Zahl der Beben-Opfer im Himalaya steigt

Die Zahl der Toten bei dem gewaltigen Himalaya-Erdbeben und mehreren Nachbeben ist auf mehr als 8300 gestiegen. Allein in Nepal kamen nach offiziellen Angaben vom Mittwoch mindestens 8200 Menschen ums Leben.

Im Nachbarland Indien starben rund Hundert Menschen, in China ebenfalls Dutzende. Weitere Tote werden befürchtet, da an den Berghängen zuletzt wieder zahlreiche große Erdrutsche abgingen und Siedlungen verschütteten.

Das Nachbeben am Dienstag hatte die Stärke 7,3, das große Beben vor zweieinhalb Wochen war mit 7,8 gemessen worden. Tausende Menschen zelten nun wieder im Freien, aus Angst, ihre Häuser könnten doch noch einstürzen. Zahlreiche Nepalesen klagen über Herzrasen, Panikattacken und Erkältungen vom Schlafen im Freien.
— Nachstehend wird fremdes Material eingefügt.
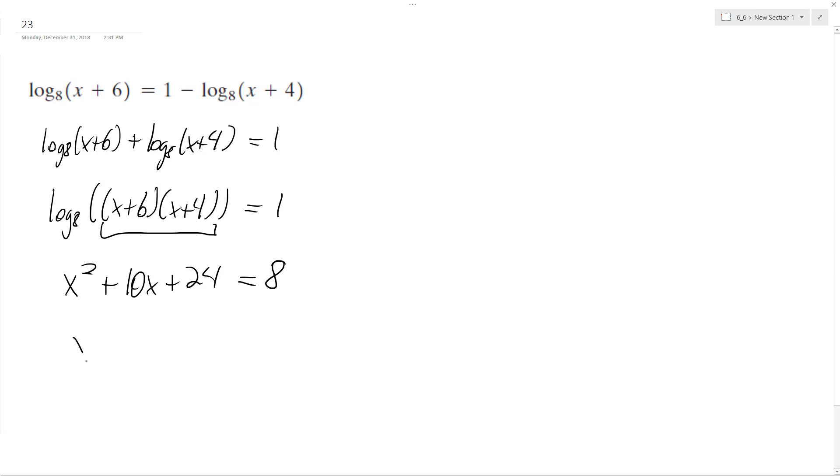Subtract 8 from both sides, x squared plus 10x plus 16.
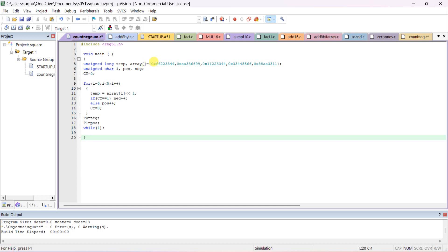The array stores five data elements. Declare unsigned char i, and variables pos for the count of positive numbers and neg for negative numbers. Initially assume carry is equal to zero — carry is a flag bit. We need to read one data at a time and check it. In digital circuits, if the MSB is 1 the number is negative; if MSB is 0, the number is positive.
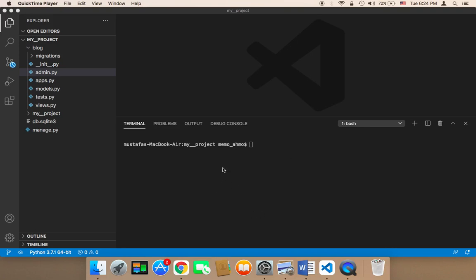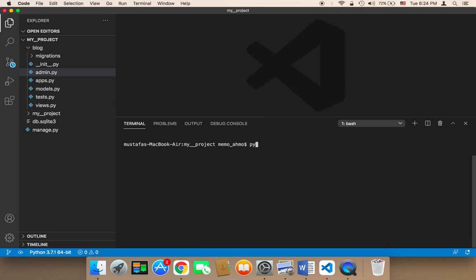To run your project, first of all you need to open up your terminal — here the built-in terminal. Then you need to type the following: python, then manage.py, then runserver. If you are using Python 3 you need to say python3; if python3 doesn't work for you, just use python. I'm going to be using python3.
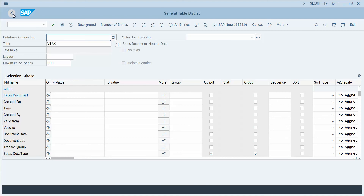So it's the first video on SE16H, a lot more videos to come to talk about all the different features of this transaction, much more advanced than your traditional SE16 and SE16N.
Sie kommen nicht zur Ruhe, da weitere Nachbeben den Himalaya erschüttern. Nach Angaben der US-Geologiebehörde USGS waren seit dem Beben am 25. April mehr als 100 Nachbeben spürbar. Das UN-Büro für Katastrophenhilfe (Ocha) in Nepal veröffentlichte auf Twitter das Foto einer Flasche: «Weil es keinen Erdbeben-Alarm gibt, lässt uns die Wasserflasche auf dem Fußboden wissen, wann wir rennen müssen!», heißt es dazu. Beginnt die Erde zu beben, schwappt das Wasser hin und her.
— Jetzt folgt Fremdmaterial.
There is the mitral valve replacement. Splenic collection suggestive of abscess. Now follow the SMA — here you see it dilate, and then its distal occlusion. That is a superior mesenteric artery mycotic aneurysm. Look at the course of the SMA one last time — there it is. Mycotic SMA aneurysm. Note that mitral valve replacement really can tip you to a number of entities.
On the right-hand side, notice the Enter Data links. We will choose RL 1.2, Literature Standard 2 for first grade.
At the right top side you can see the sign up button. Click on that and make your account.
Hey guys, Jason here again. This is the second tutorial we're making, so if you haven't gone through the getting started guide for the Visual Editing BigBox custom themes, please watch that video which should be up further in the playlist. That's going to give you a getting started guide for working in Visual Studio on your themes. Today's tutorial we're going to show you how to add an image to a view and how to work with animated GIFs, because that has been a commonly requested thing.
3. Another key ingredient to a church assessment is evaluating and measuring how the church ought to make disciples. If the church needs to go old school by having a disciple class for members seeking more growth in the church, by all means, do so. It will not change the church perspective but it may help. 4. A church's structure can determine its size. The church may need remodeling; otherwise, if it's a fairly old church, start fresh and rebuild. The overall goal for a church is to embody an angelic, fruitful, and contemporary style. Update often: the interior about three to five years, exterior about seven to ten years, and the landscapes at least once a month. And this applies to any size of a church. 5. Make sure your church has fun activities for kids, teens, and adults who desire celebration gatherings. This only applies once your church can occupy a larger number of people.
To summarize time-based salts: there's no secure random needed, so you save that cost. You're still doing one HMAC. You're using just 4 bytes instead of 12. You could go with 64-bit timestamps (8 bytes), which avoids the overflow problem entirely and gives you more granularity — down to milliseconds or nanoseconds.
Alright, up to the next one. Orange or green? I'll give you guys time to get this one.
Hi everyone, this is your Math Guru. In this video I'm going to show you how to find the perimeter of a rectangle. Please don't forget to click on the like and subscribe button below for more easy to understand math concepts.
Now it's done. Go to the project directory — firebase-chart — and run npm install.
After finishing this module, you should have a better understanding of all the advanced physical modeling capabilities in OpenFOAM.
Die Schulen in den betroffenen Gebieten in Nepal würden nun nicht wie geplant an diesem Donnerstag, sondern erst am 30. Mai wieder öffnen, berichtete die Online-Seite «Ekantipur». Außerdem habe die Regierung die internationalen Ärzte-Teams gebeten, länger als geplant im Land zu bleiben.

Bei einem Hilfseinsatz im bergigen Gelände verschwand ein Hubschrauber der US-Armee. Er sei am Dienstag zuletzt in Charikot nahe des Epizentrums des Nachbebens gesehen worden und dann in der Region Tamakoshi gesichtet worden, sagte ein Sprecher des Innenministeriums. Zunächst war unklar, ob der Helikopter abgestürzt oder notgelandet ist. An Bord der Maschine des Typs UH-1Y Huey seien sechs US-Marinesoldaten und zwei nepalesische Soldaten gewesen, sagte ein Sprecher des US-Militärs.
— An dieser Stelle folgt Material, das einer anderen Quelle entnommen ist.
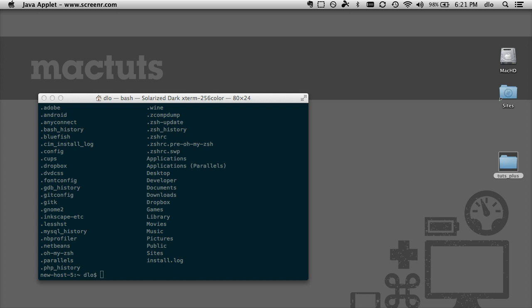Now before we do this it's very important just to say that you have to be very careful typing this in. Any typographical errors in this command can have some pretty harsh consequences so just be very careful.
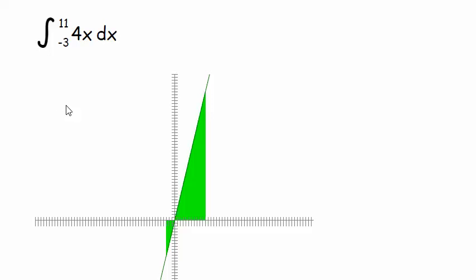So we're going from negative 3 to 11 of 4x dx. Let me write that down and do a crude sketch over here. We're finding some area between the x-axis and the curve — the function — from negative 3 to 11.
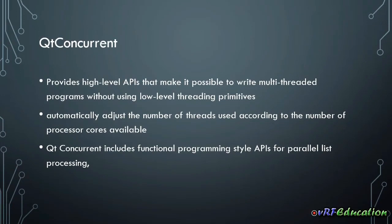Hi there, this is Vahid from VR of Education channel and today I'm going to continue our discussion on how to do things in parallel in Qt framework.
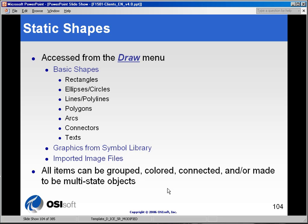One of the features of ProcessBook's displays is the ability to incorporate static shapes to complement or give context to some of the dynamic symbols and dynamic elements that you put on your screen. Generally, the static shapes fall into one of three categories.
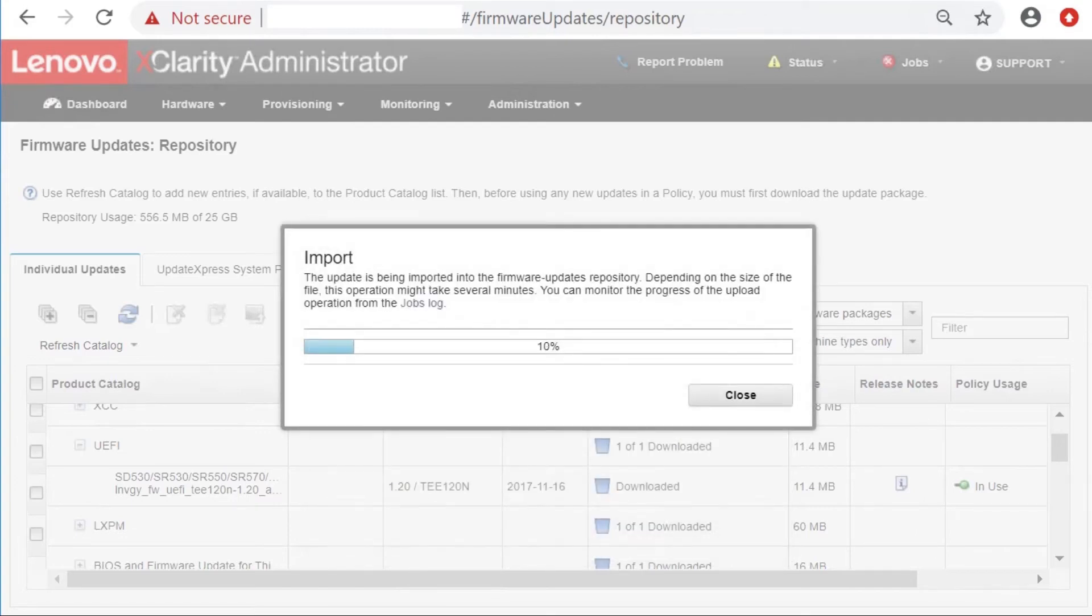You can check the progress of the import on the same page. The process can take anywhere from a few minutes to an hour to complete.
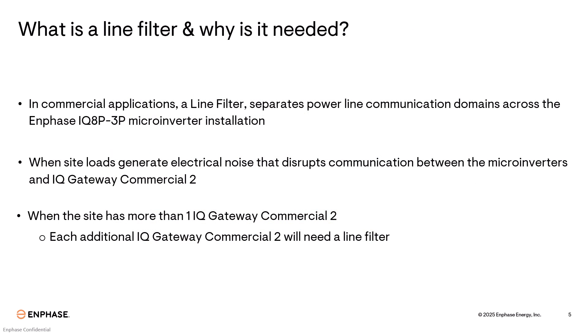You will also need a line filter if your site has more than one IQ gateway commercial two. Each additional IQ gateway commercial two will need a line filter. So if your site has two IQ gateway commercial twos, you'll need one line filter. If your site has three gateways, you'll need two line filters and so on.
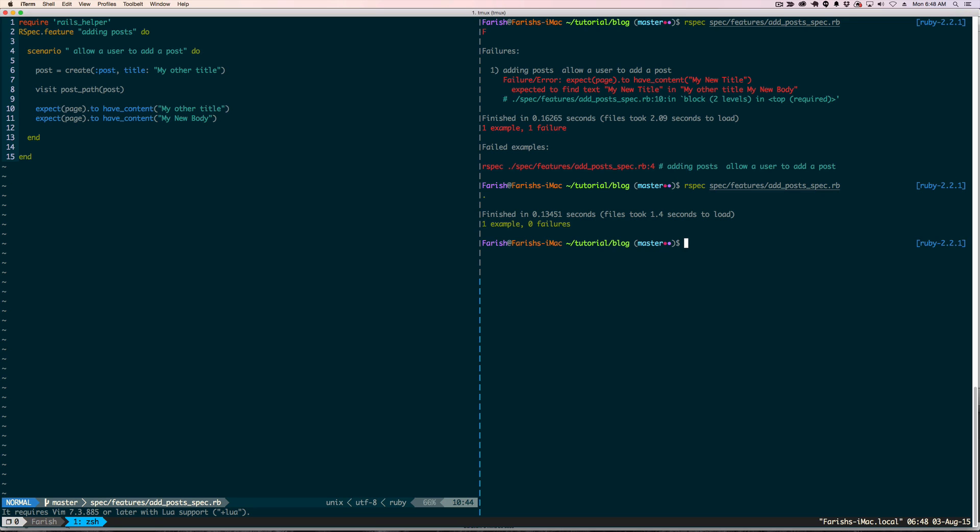There is a gem that works with Factory Girl called Faker that allows you to randomize the data in the factory, and you can just put the method Faker in front of each line and call it. I will probably do that in a future tutorial as an example. But for right now, that's basically it.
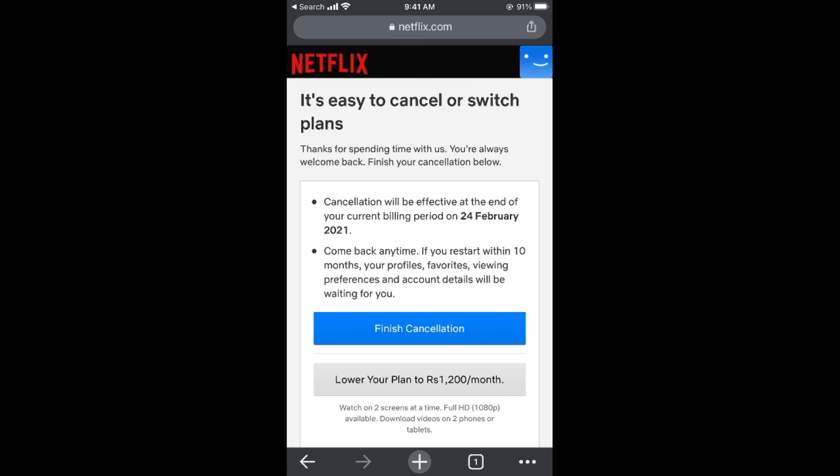Read through the information shown on screen, then tap on Finish Cancellation. By doing so, your payment will stop. Within the next payment month there will be no charge and you will not be able to access Netflix.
Nepal hat nach UN-Angaben derzeit selbst nur acht funktionierende kleine Militärhubschrauber. Deswegen helfen Indien, die USA und China mit zusammen 24 Helikoptern aus. Großbritannien wollte riesige, zweimotorige Transporthubschrauber schicken, doch bislang haben sie Nepal nicht erreicht. Indische Medien berichteten, die nepalesische Regierung erteile keine Genehmigung für die Chinooks - deswegen stünden sie nun in Indien herum. Kathmandu befürchte nämlich, die großen Hubschrauber könnten Dächer von den Häusern wehen und auf den kleinen provisorischen Landeplätzen nicht landen.